By comparing line of sight DEM based viewsheds with a manual viewshed the different amount of error associated with different types of DEMs becomes evident. I compared a manual viewshed against a 30 meter DEM from the Shuttle Radar Topography Mission (SRTM), a 30 meter DEM from the National Elevation Dataset (NED), 10 meter DEM from the NED and 3 meter DSM created from a .7 meter lidar cloud. The same location and elevation was used in all the different viewsheds, the manual viewshed was both created using Google Streetview and I physically went to the location to verify the viewshed.
To create the viewsheds I used Military Analyst for ArcGIS, this allowed the resulting viewshed to be limited by a range and the output was in vector format instead of raster format. In order to calculate differences between the viewsheds the vector data was converted to a raster format using the same cell size and clipped to the same area to make sure each viewshed had the same number of pixels.

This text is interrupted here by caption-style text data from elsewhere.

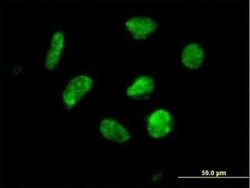 ZNF302 Antibody, Novus Biologicals 0.05 mg | Buy Online | Novus Biologicals | Fisher Scientific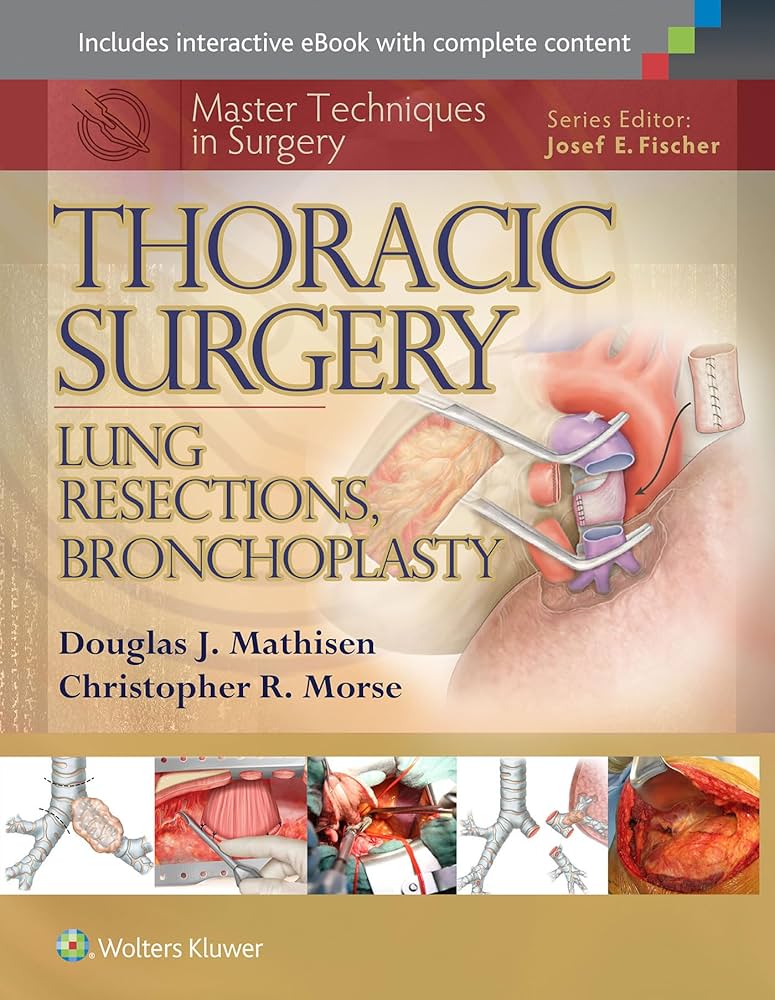 Master Techniques in Surgery: Thoracic Surgery: Lung Resections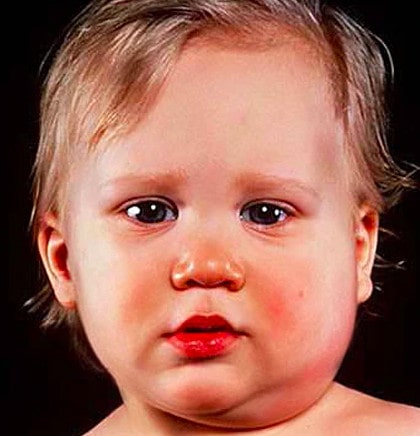 宝宝腮帮子肿了，怎么判断是不是腮腺炎？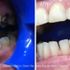 Before and after teeth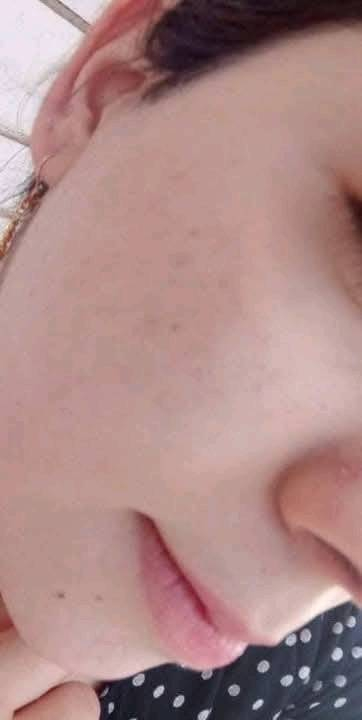 خلطه اصليه  ومجربه وتبين من اول يومين تبيض وتورد  تشد البشره وتعالج التجاعيد وهالات تحت العين والكلف وآثار حب  الشباب والنمش وعدنا الي تسمن ولي متسمن حسب رغبه الزبونسعر 20 توصيل مجاني لجميع المحافظات للحجز ارسال الرقم والعنوان


**إذا كنت صاحب هذا الإعلان وتريد حذفه لأي سبب، رجاءا أرسل رسالة إلى الدعم الفني**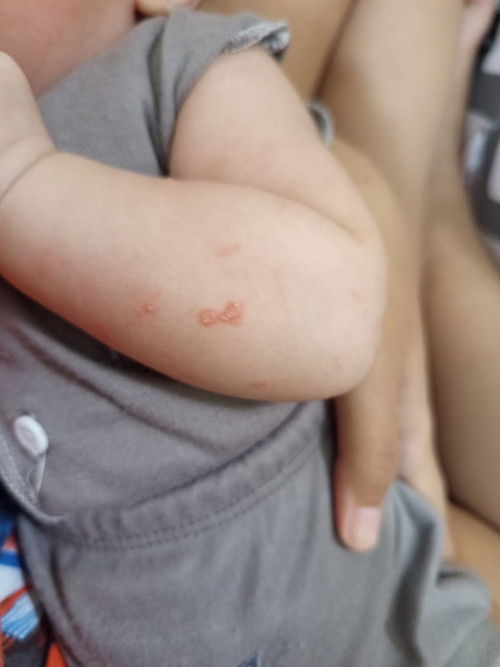 Mau tanya ini kira kira Kenapa ya bayi ku umur 2 bulan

To quantify these findings I compared the difference between the pixels in the manual viewshed and the DEM viewshed. I counted the differences where the manual viewshed’s pixel was visible and the dem viewshed was non-visible (V/NV), this was repeated for for visible/visible (V/V), non-visible/non-visible (NV/NV), and non-visible/visible (NV/V). This method was used to compare the total number of pixels between viewsheds and total percentage of similar pixels.
These findings are far from complete but a step towards understanding the strengths and weaknesses in viewshed creation. Further work would be to accurately account for the manual viewshed not taking tops of trees and buildings into consideration and to clean up the lidar DSM model by removing non-view obstructing artifacts such as power lines that show up as fence like objects.